WHAT TO WORK ON:
Print out the data exactly, keeping every image out of it.

DATASET SECTION:
-----

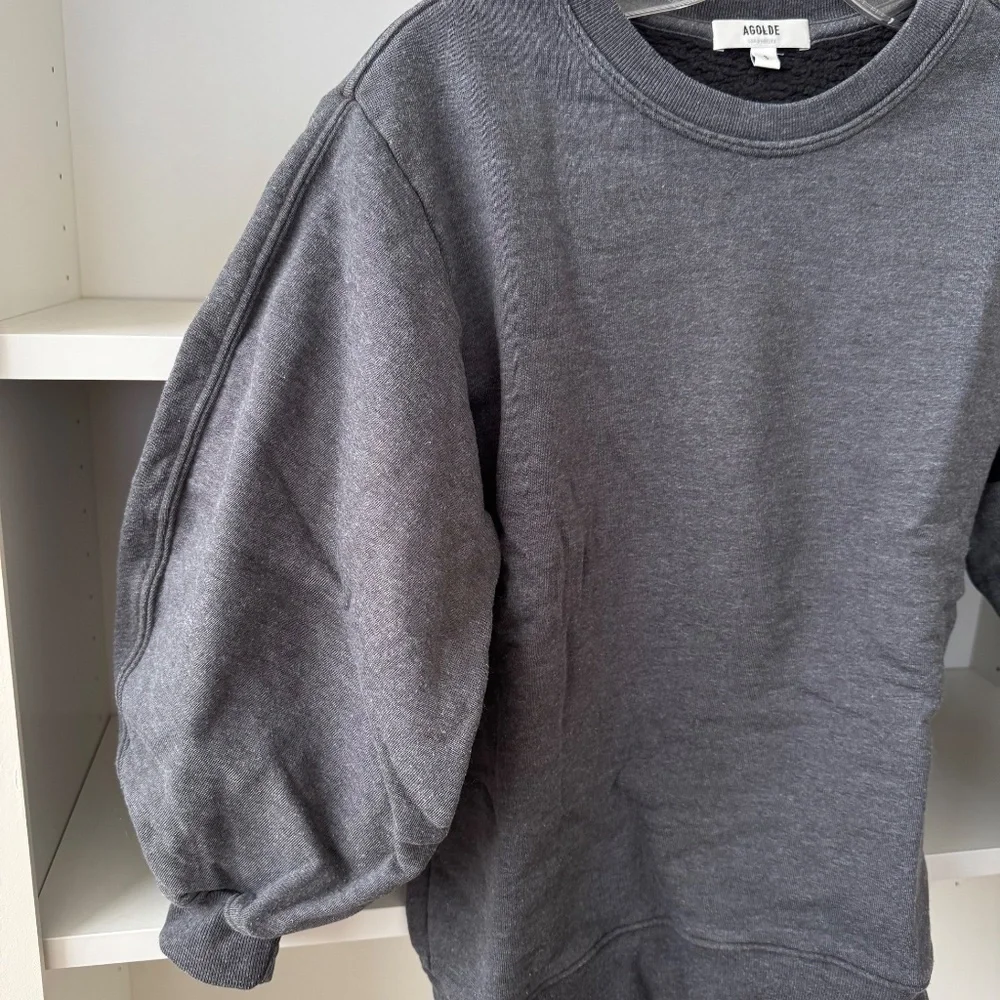 AGOLDE Gray Thora 3/4 Sleeve Sweatshirt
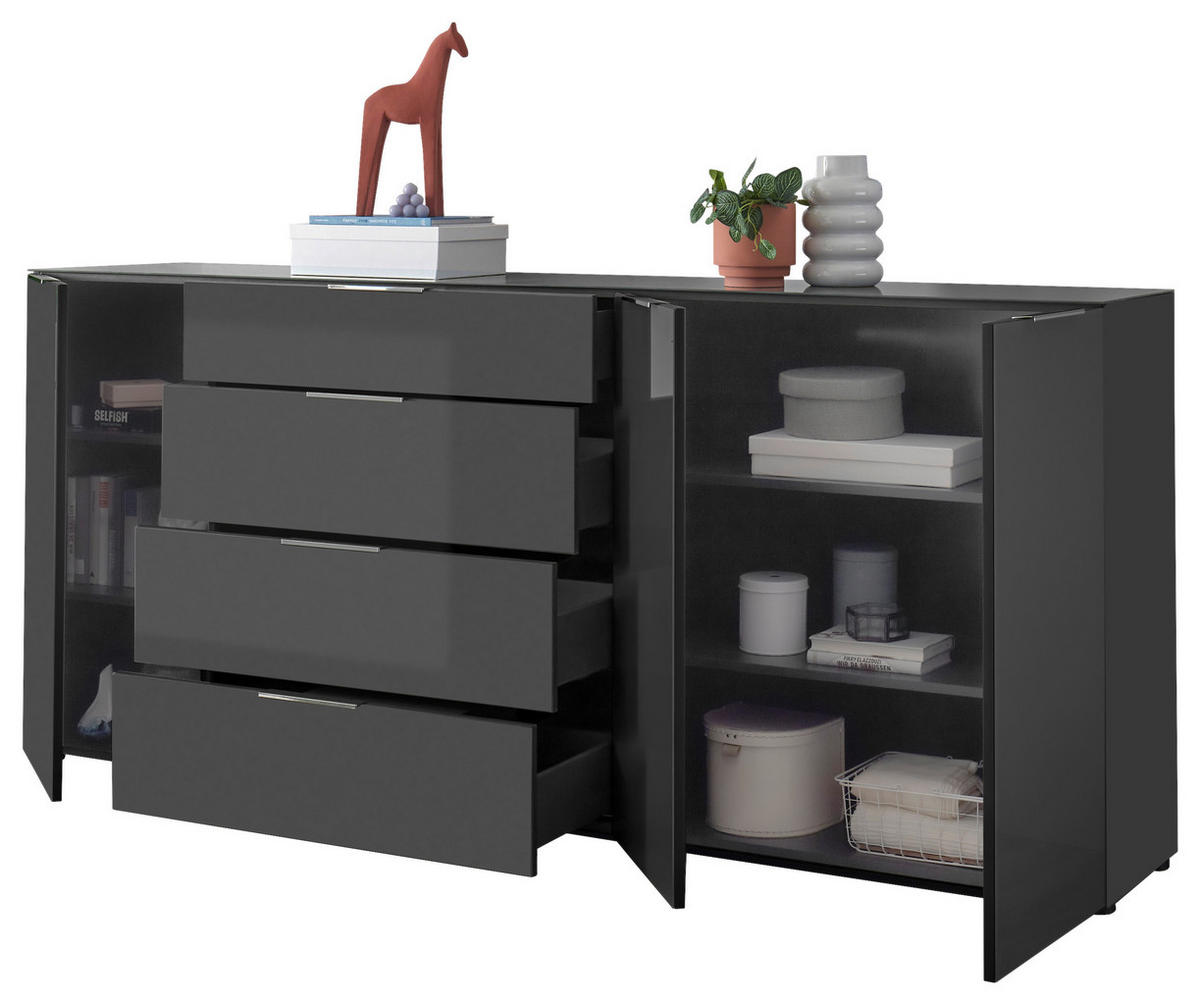 Kommode Santorin anthrazit B/H/T: ca. 226x99x40 cm Santorin - anthrazit (226,00/99,00/40,00cm)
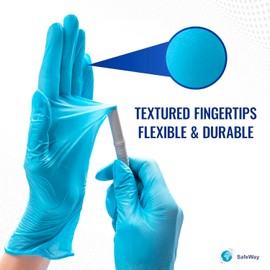 SAFEWAY Nitrile-Vinyl Blended Disposable Gloves, 1000, Powder-Free & Non-Latex, Protective Gloves for Medical Exams & Cooking, Blue, Medium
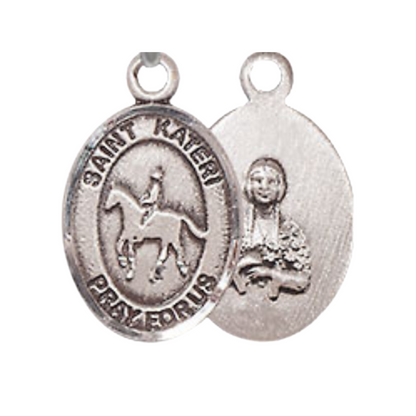 Small Sized Women's .925 Sterling Silver Saint Kateri Equestrian Medal Pendant on 18 Inch Rhodium Plated Lite Curb Brass Chain with Lobster Claw Clasp, Catholic Religious Necklace - Made in USA- Velvet Gift Box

-----

SOLUTION TO THE EXERCISE:
 AGOLDE Gray Thora 3/4 Sleeve Sweatshirt
 Kommode Santorin anthrazit B/H/T: ca. 226x99x40 cm Santorin - anthrazit (226,00/99,00/40,00cm)
 SAFEWAY Nitrile-Vinyl Blended Disposable Gloves, 1000, Powder-Free & Non-Latex, Protective Gloves for Medical Exams & Cooking, Blue, Medium
 Small Sized Women's .925 Sterling Silver Saint Kateri Equestrian Medal Pendant on 18 Inch Rhodium Plated Lite Curb Brass Chain with Lobster Claw Clasp, Catholic Religious Necklace - Made in USA- Velvet Gift Box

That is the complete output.